Factual and Procedural Background
McGarrah petitioned for an injunction against Connell and Connell Farms, arguing interference with an easement. McGarrah alleged that before Connell Farms purchased property neighboring his in 2007, he had received verbal permission from the previous owner, Keith Semisch, to cross the property to access otherwise inaccessible portions of his land. Then while making the purchase agreement, Connell ratified Semisch's promise by giving McGarrah written permission to cross the land. Based on these facts, McGarrah claimed that Semisch expressly granted him an easement and Connell's written permission evidenced an intent to allow the easement to run with the land. McGarrah argued that the easement was one of necessity because he could not access the southwest or southeast corners of his property without crossing Connell's land, as the southern corners of his property were blocked by “uncrossable waterway[s], thick timber, steep slopes, and rocky cliffs and bluffs.” Also, McGarrah had continuously used the alleged easement to access the otherwise inaccessible portions of his property until Connell refused to allow the previously permitted use.
McGarrah attached two exhibits to his petition.
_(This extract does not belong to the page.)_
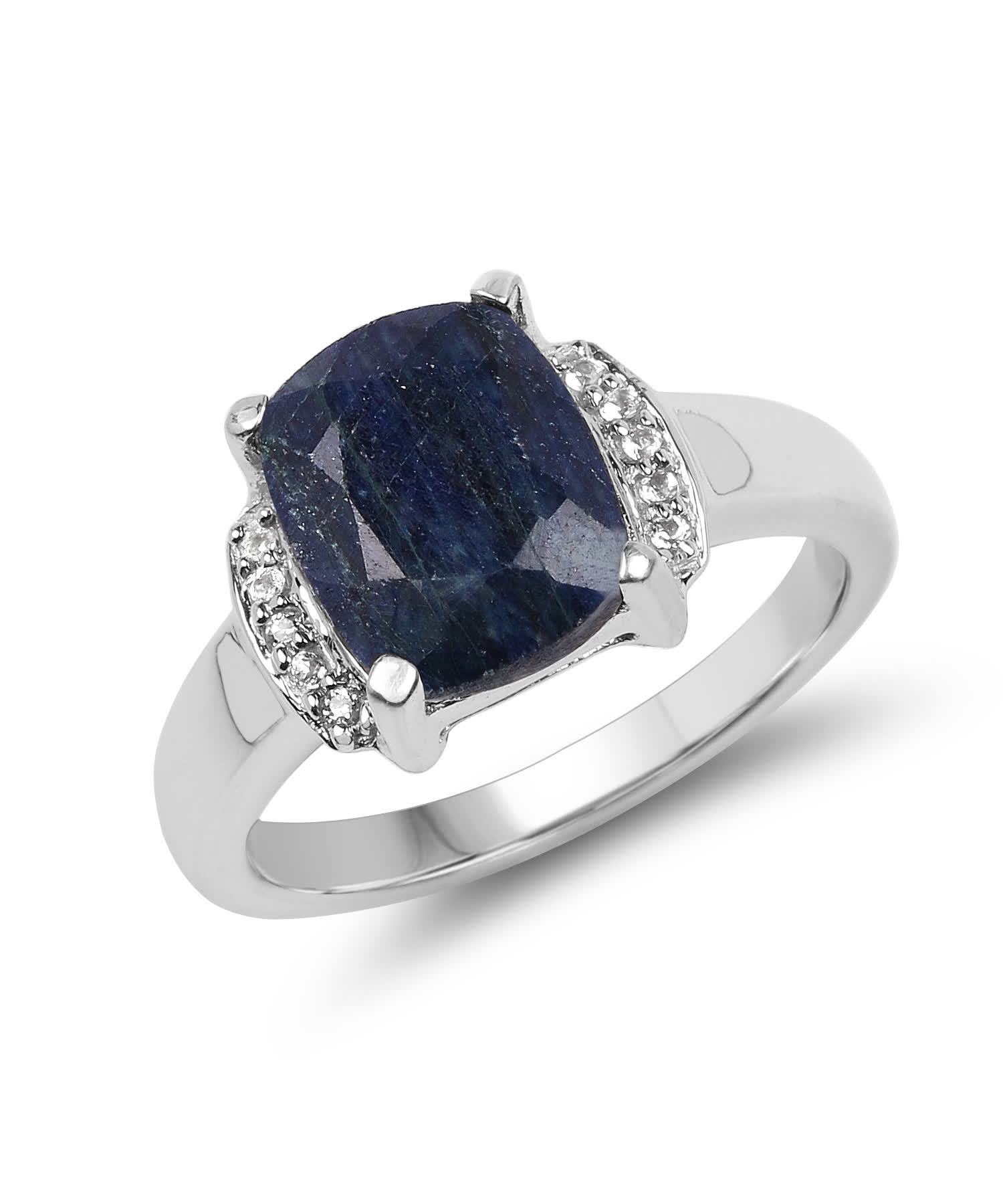 4.05ctw Natural Midnight Blue Sapphire and Topaz Rhodium Plated 925 Sterling Silver Ring View 1
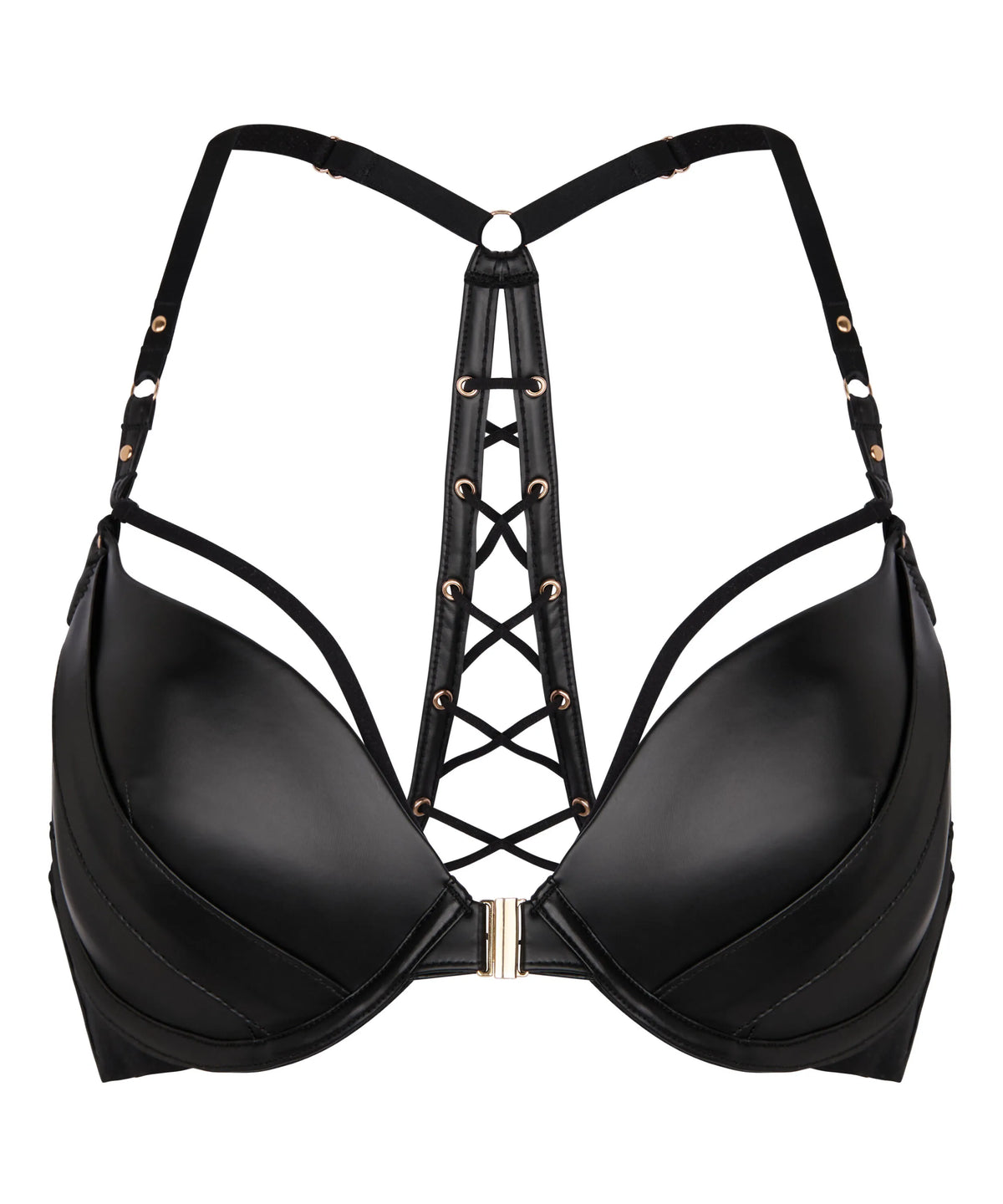 Hunkemoller Caviar Women Push-Up Bra Sam in Different Cup Sizes SKU: 305911_Caviar Image 05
The first exhibit was a copy of the general warranty deed for the property, conveyed by Semisch to Connell Farms in April 2007. The other document, titled “Permission” and signed by Connell on March 16, 2007, stated that “Michael McGarrah has permission to walk across the ․ real estate.”
Connell moved to dismiss McGarrah's petition for failure to state a claim under K.S.A. 60-212(b)(6). Connell argued that an easement by necessity could not exist because such an easement requires unity of title, yet no common grantor ever owned both properties. Connell also claimed that McGarrah never acquired an express easement because he did not get a written and recorded deed or declaration granting such an easement. Instead, McGarrah had simply obtained a revocable license to cross the property, which Connell had revoked. And because McGarrah had used the property with previous owner Semisch's permission, he never obtained a prescriptive easement, because that requires adverse use.
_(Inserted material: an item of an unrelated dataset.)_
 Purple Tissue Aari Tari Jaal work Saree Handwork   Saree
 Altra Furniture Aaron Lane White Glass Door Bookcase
McGarrah's response argued that his petition met the basic pleading requirements and sufficiently alleged that Connell had violated an existing easement. McGarrah also suggested that discovery was warranted. He later filed an affidavit from Semisch, attesting to this:
“Prior to the [s]ale [to Connell Farms], I had given permission to Michael McGarrah to cross the above-described property, to access the southeast and southwest corners of his property. At the time I gave this permission it was meant as an access easement by necessity, because McGarrah could not access these parts of his property due to Hickory and Honey creeks. This access easement was limited, allowing access through the gate on Grant Road, to travel along an unpaved access road to a holding pond in the northwest comer of my property, then north along the pasture to the southwest corner of his property. In addition, I allowed Mr. McGarrah to travel along Honey Creek, to the southeast corner of his property, if he did not disturb planted crops. There was no prescribed termination of these easements.”
The district court held a hearing on Connell's motion to dismiss. There, McGarrah conceded that no written easement existed. Still, McGarrah argued that the parties had created an implied easement and that whether they had done so raised a question of fact, so Connell's request to dismiss was premature. When the district court asked McGarrah whether his claim required proof of unity of title, McGarrah initially responded with a legal argument, suggesting that rather than unity of title, unity of land use could suffice. But he then conceded that he had not yet located a deed or other conveyance showing prior common ownership of the properties.
Connell maintained that dismissal was warranted because McGarrah's pleading lacked facts showing unity of title. Quoting this language from Smith v. Harris, 181 Kan. 237, 311 P.2d 325 (1957), Connell argued that an easement by necessity could not have been created under the facts alleged in Connell's petition:
“ ‘Ways of necessity cannot be founded on an express grant, but are dependent on an implied grant or reservation, and cannot exist where there was never any unity of ownership between the dominant and servient estates. No one can have a way of necessity over the land of a stranger.’ ”
Connell also rejected McGarrah's argument that the issue should be explored during discovery, arguing McGarrah would not be able to show anything more than what his petition already claimed.
The district court granted Connell's motion, finding McGarrah failed to plead sufficient facts showing he had “any kind of easement in perpetuity.” The district court also found that McGarrah did not need discovery to search for evidence of a unity of title, as he could have reviewed the public records before filing his petition. The district court thus held that McGarrah failed to state a claim establishing any legal right to the relief sought and dismissed the petition under K.S.A. 60-212(b)(6).
McGarrah timely appeals.
Did the District Court Properly Dismiss McGarrah's Petition?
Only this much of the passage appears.